Exciting times when regulators are running on all cylinders. A few more weeks until the Fed Board of Governors joins the ranks of fully-staffed regulators. And an expanded definition of “exchange” at the SEC could be big news for crypto. Read on:

  • Senate hearings show partisan split on Fed nominees: As expected, Republicans charged President Biden’s three nominees with having partisan leanings. Nominee Sarah Bloom Raskin was questioned over her relationship to a fintech bank that received Fed access to payment rails. With Chair Jerome Powell still not yet confirmed, the Senate is set to vote on February 15th.
  • The SEC proposes updating its definition of “exchange”: Without explicitly naming blockchain technology or cryptocurrencies, the SEC’s 650-page proposal would expand its definition of a securities exchange to cover more market makers and communication protocols.

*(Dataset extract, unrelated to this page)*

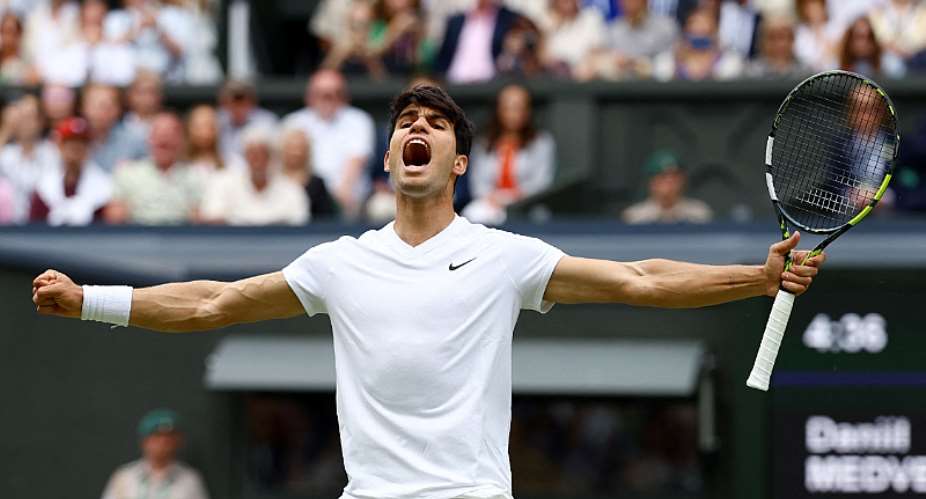 Wimbledon 2024: Defending champion Carlos Alcaraz fights back to beat Daniil Medvedev and reach final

Gabriel Shapiro has the best summary of its impact and how industry can respond in the next 30 days.
  • Bradley Tusk joins “Regulating the Metaverse” white paper party: What Coinbase and a16z started, legendary lobbyist Tusk now joined with an extensive memo. Tusk takes a progressive approach, calling for government to abandon its wait-and-see approach and “guide the action.” He also sees potential for labor regulation to support digital work, including portable benefits for non-traditional jobs. A worthy read.
  • Consumer advocates ask regulators to block fintech payday loans: A coalition of advocates sent a letter to the CFPB, FDIC, and OCC asking the FDIC to shut down fintech-bank partnerships that offer loans exceeding state interest rate limits. This is just the latest in the ongoing saga on bank-fintech partnership in the personal lending space. After Mercatus Center academics published a WSJ op-ed calling the CFPB’s concern over lending “arbitrary,” Georgetown Law professor Adam Levitin published a blog clarifying some simple math errors in their underlying research.
  • Bipartisan group sends Yellen letter on crypto in infrastructure bill: Remember a few months back, when crypto lobbying erupted around the inclusion of brokers in a tax portion of the infrastructure bill? With the bill still being pursued, the issue hasn’t quite passed. The House Financial Services Committee sent a letter to Treasury Secretary Janet Yellen asking to consider a narrower definition of “broker” that wouldn’t capture miners. The Committee explored its own revision in a proposal late last year, and now asks Treasury to do the same.
  • UK explores regulation to counter push payment fraud: Several MPs are pushing government to require reimbursement for victims of push payment fraud. This follows a report from the Treasury Committee highlighting fraud and scams in the sector.